Perfectly Describes Why The Atla Comics Leave A Bad Taste In My Mouth - Tumblr Posts
decolonization in the atla comics
right well i know nobody cares but i think i figured out why i dislike the avatar comics so much. like i already thought that they justified colonialism a hell of a lot (in direct contrast to the themes of atla itself which makes me CRAZY grrrr) but i was finally able to pin down why, exactly, i think that. in this i’m gonna be focusing specifically on the promise and north and south because i hate both of those with a passion!
i think that the way both north and south and the promise handle the process of decolonization and reckoning with a colonial legacy is inherently flawed. in the promise, zuko withdraws his support of the harmony restoration movement because of the new earth/fire national culture that has been created in yu dao. he thinks it would be wrong to take these people away from livelihoods that they’ve created. he also says that economically, they are better off now than they were 100 years ago.
so like, that’s already yikes. economic justifications of colonialism are the worst ones. always. also, it doesn’t help that as zuko says that, there’s a panel showing a fire nation man getting his shoes shined by an earth national as katara says “it doesn’t look like that wealth was shared equally” or something of that sentiment.
and i know zuko says one of his other reasons for withdrawing from the harmony restoration movement is because the people don’t want to be given back to earth kingdom rule…but uh…which people, exactly, don’t want to be given back to the earth kingdom? who benefited the most from colonial rule in the colonies themselves? (i’ll give you a hint: it wasn’t the earth nationals.)
so although yu dao is now an incredibly wealthy and prosperous place as a direct result of its colonization, the wealth is not spread equally. also, economic prosperity doesn’t mean that yu dao should remain a colony? nor does it mean that the fire nation government should continue to meddle in its affairs by instituting a coalition government and then creating the united republic of nations? they should’ve just given them complete self autonomy and called it a day! but whatever.
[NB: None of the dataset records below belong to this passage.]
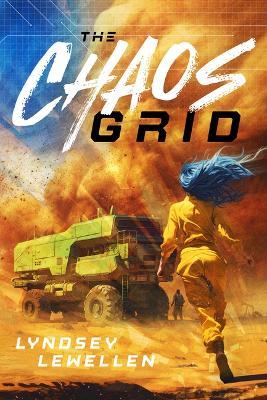 The Chaos Grid - Lyndsey Lewellen - cover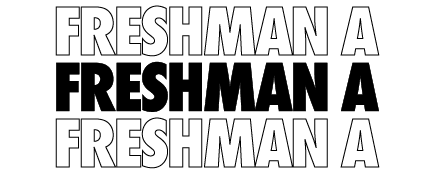 FRESHMAN A FRESHMAN A FRESHMAN A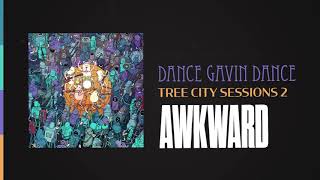 Dance Gavin Dance - Awkward (Tree City Sessions 2)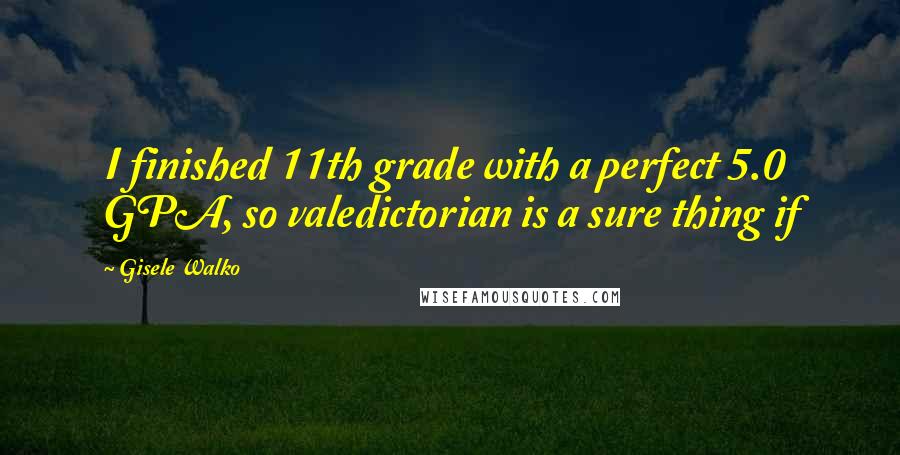 Gisele Walko Quotes: I finished 11th grade with a perfect 5.0 GPA, so valedictorian is a sure thing if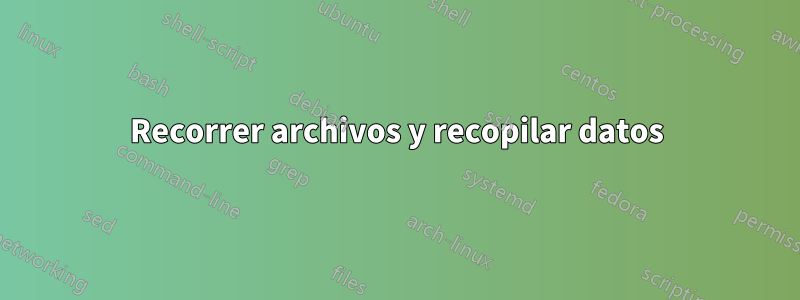 Recorrer archivos y recopilar datos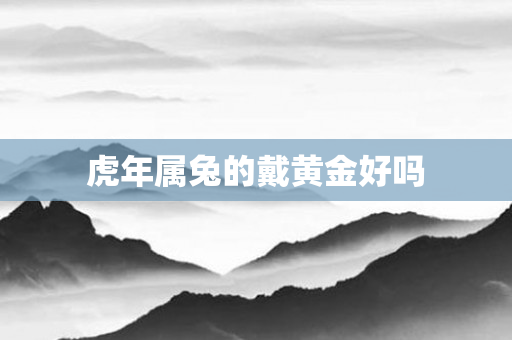 虎年属兔的戴黄金好吗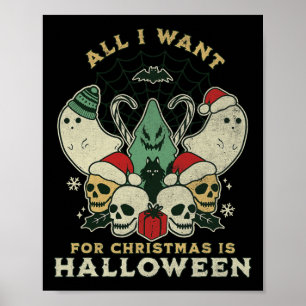 Det enda jag vill ha är Halloween-taloky Xma Poster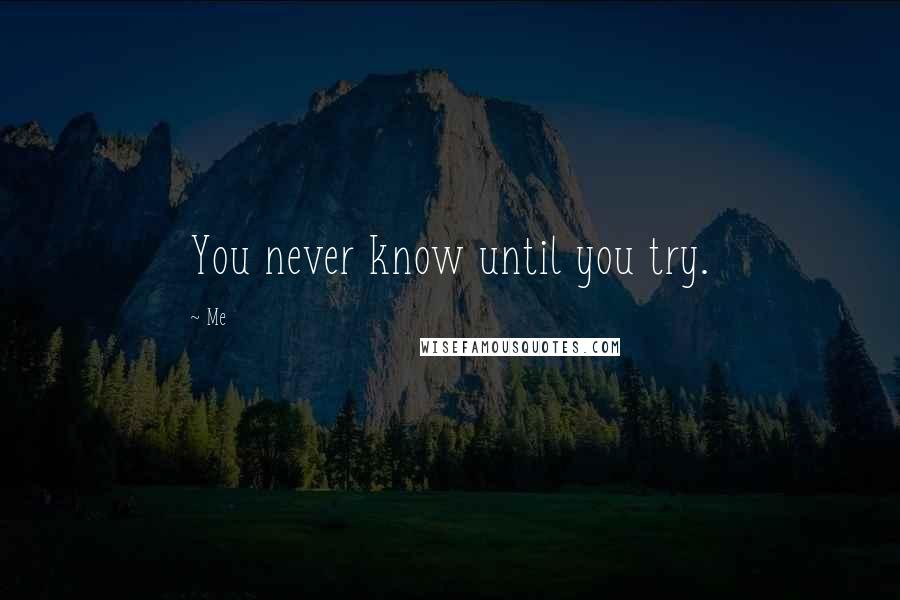 Me Quotes: You never know until you try.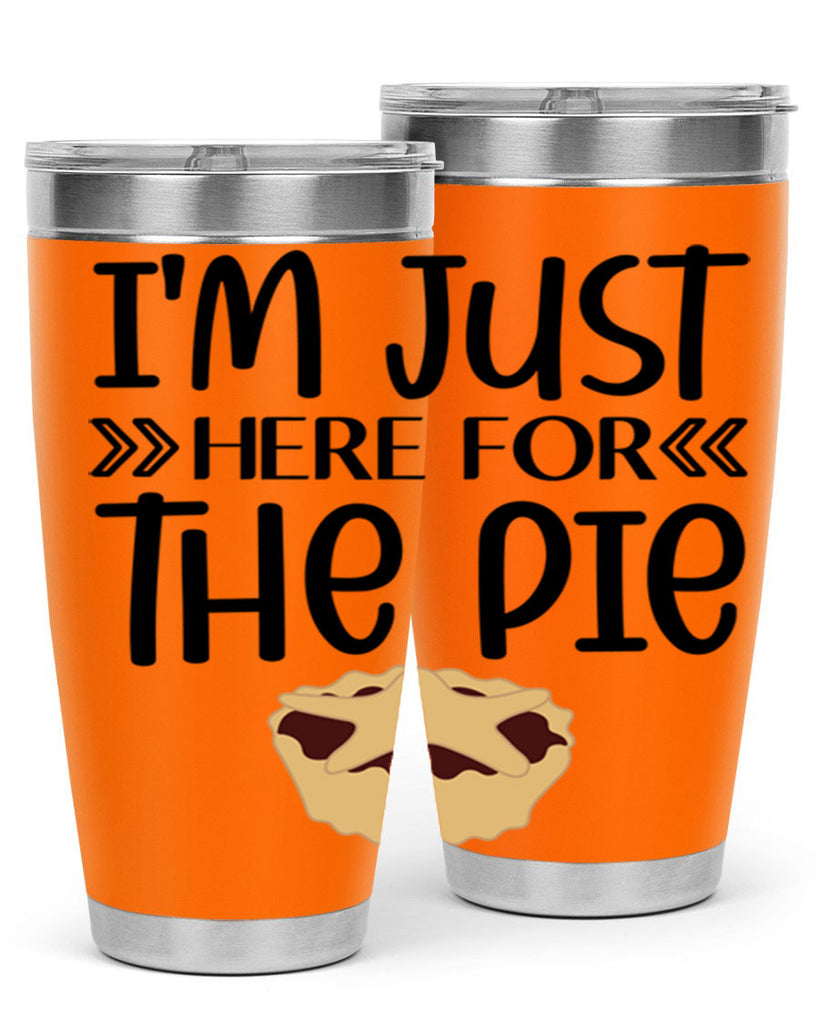 I m Just Here For The Pie 339#- fall- Tumbler
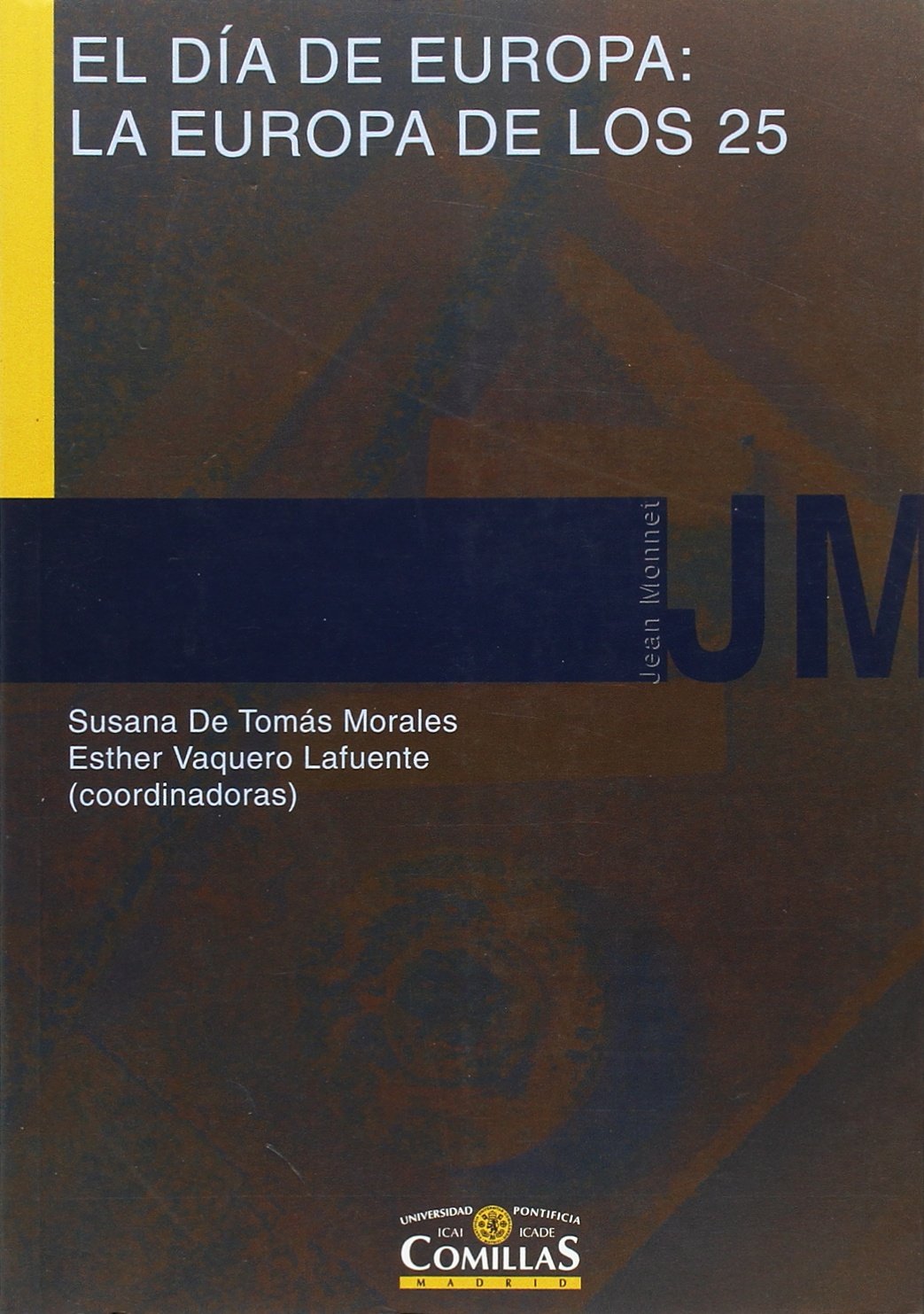 El Día de Europa: la Europa de los 25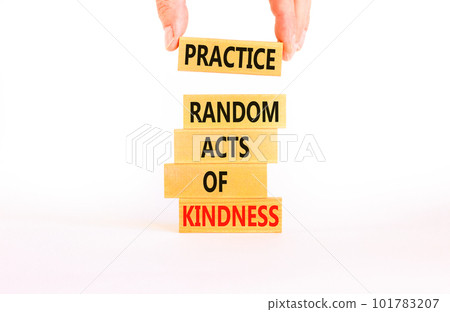 Practice random kind of kindness symbol. Concept words Practice random kind of kindness on wooden block. Beautiful white background. Businessman hand. Business practice kindness concept. Copy space. 101783207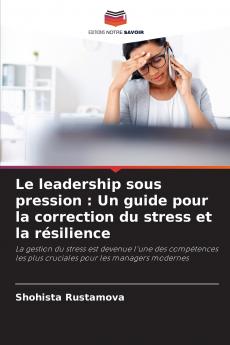 Le leadership sous pression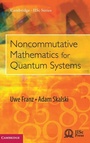 Cover: Noncommutative Mathematics for Quantum Systems - Cambridge University Press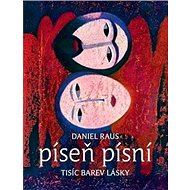 Píseň písní Tisíc barev lásky - Daniel Raus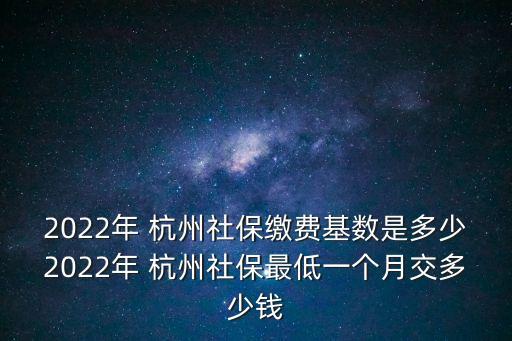 2022年 杭州社保繳費(fèi)基數(shù)是多少2022年 杭州社保最低一個(gè)月交多少錢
in the promise, the process of decolonization (ie giving earth kingdom land back to the earth kingdom itself and repatriating the fire nation citizens) is kind of equated to a direct impediment of Progress™, particularly economic and social Progress™. this is seen again in north and south, when the northern water tribe tries to establish the oil refinery on southern water tribe land. in north and south, many southern water tribe members (and katara herself) take issue with this northern interference, citing that they are just turning the south into a cheap copy of the north in the name of…you guessed it…Progress™. katara and other members of the southern tribe are seen as extremists for wanting to preserve their heritage after one hundred years of war. the oil refinery and other northern interferences are portrayed as a solely good thing, even though they come at the expense of other important traditions.
and so therein lies my biggest problem with these two atla comics: they assume that decolonization = anti progress, when it very much does not. this is something that’s seen in the real world, time and time again. like, i’m from hawai’i (not native hawaiian tho, which is an important distinction to make!) and the whole struggle to halt the construction of the thirty meter telescope on mauna kea is a good real life example. mauna kea is sacred land to native hawaiians, and construction of the telescope would completely desecrate the land, both culturally and environmentally. yet for some reason, native hawaiians are portrayed as “backwards” and “anti-science” for not wanting the TMT to be built, which isn’t true at all! but they shouldn’t have to sacrifice what they believe in the name of progress defined by someone else’s metric.
in the atla comics (and legend of korra), Modern Westernization™ is the default. returning yu dao’s land to the earth kingdom and removing fire nation involvement is seen as anti-progress. refusing to build an oil refinery and trying to preserve important cultural practices and traditions is seen as anti-progress. anything that doesn’t lead to…cómo se dice…complete industrialization and what is essentially capitalism is seen as anti-progress. and this is such a western mindset that it hurts, because that’s not what decolonization is. decolonization is supposed to revive, humanize, and modernize important indigenous and traditional aspects of cultures. decolonization, unlike how it’s portrayed in the promise and in north and south, does not mean that we go backwards. instead, we actively reconstruct our perspectives and stop measuring previously aforementioned Progress™ by a western capitalist mindset! that’s why it’s important, and that’s why these comics fall short, because they had an opportunity to build a world that wasn’t modeled after the patterns of the west…and they just didn’t.